How to Make Onigiri: Recipe for the Perfect Japanese Rice Balls

How to Make Onigiri: Recipe for the Perfect Japanese Rice Balls

Onigiri, sushi’s long-forgotten cousin, finds its place in Paris. At a small counter in the 9th arrondissement of the city called Gili-GiliAi Watanabe and Samuel Trifot make palm-sized rice balls filled with everything from salted Japanese plums to French comté.

The Japanese consider this millennia-old specialty a kind of soul food. Compared to nigiri, a cuisine more often associated with high-end omakase, onigiri is either homemade or sold in konbini, the 24-hour convenience store popular in Japan. It’s the perfect little snack: cheap to make, easy to transport and good for you too.

“A lot of French people discover onigiri through anime and manga,” says Trifot, an avid fan of the art form who spent years cooking around Japan and other parts of the world before opening Gili-Gili in Paris. It was in Sydney, Australia, where he met his future business partner, Watanabe. “I was a cheese farmer. She was a barista,” he explains.

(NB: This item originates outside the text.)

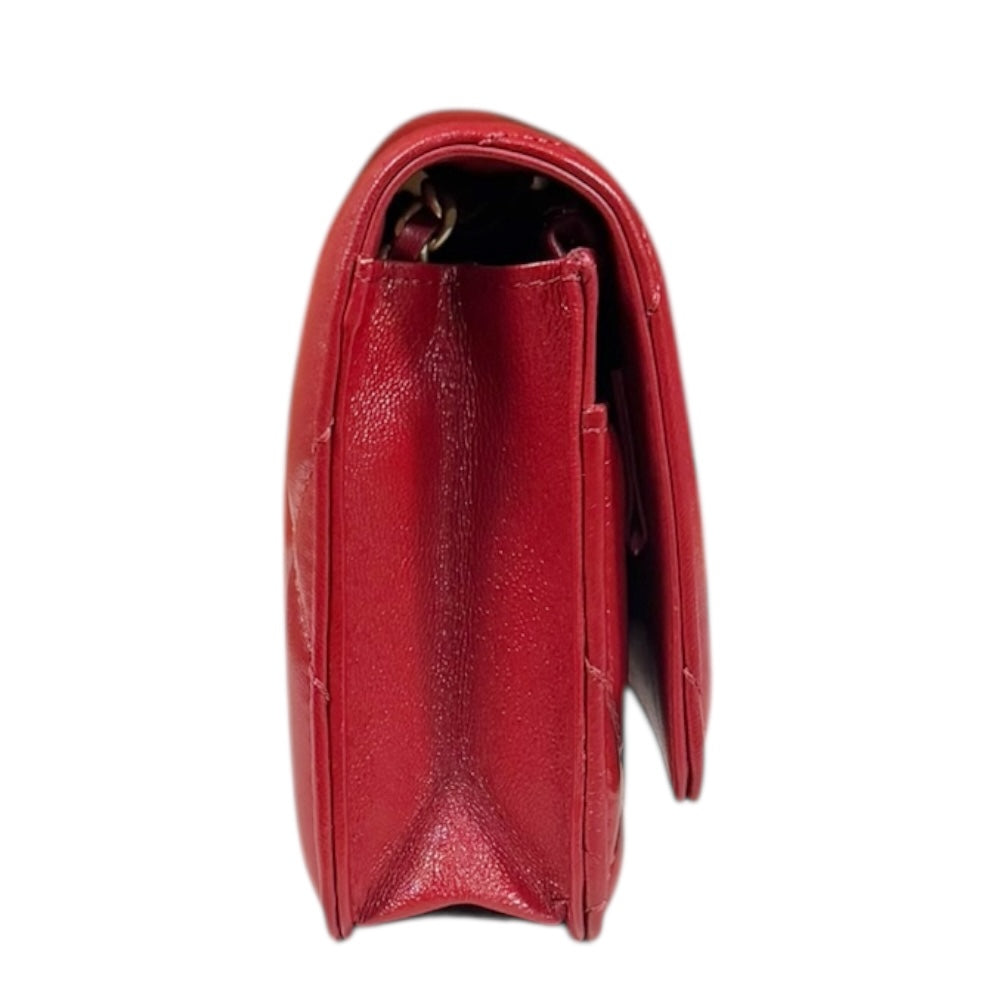 CHANEL シャネル マトラッセ ショルダーバッグ レザー レッド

The duo wanted to make onigiri more popular in France, which, like the US, has always been more familiar with sushi. In 2018 they organized an onigiri workshop in Le Pavilion des Canaux in Paris, which eventually led to the opening of their store that same year. While Trifot uses the skills he learned in Japan, Watanabe, who grew up eating onigiri, shows a talent for coming up with original recipes.

Introducing the French to onigiri was a lesson in minimalism. “The French – we like a lot of fat and sugar. We want everything at the same time, and we want it to be generous”, explains Trifot. “And onigiri is not weak in taste, but many customers will often ask me: ‘Where is the soy sauce?’ What’s in it has to be salty enough to be tasty.”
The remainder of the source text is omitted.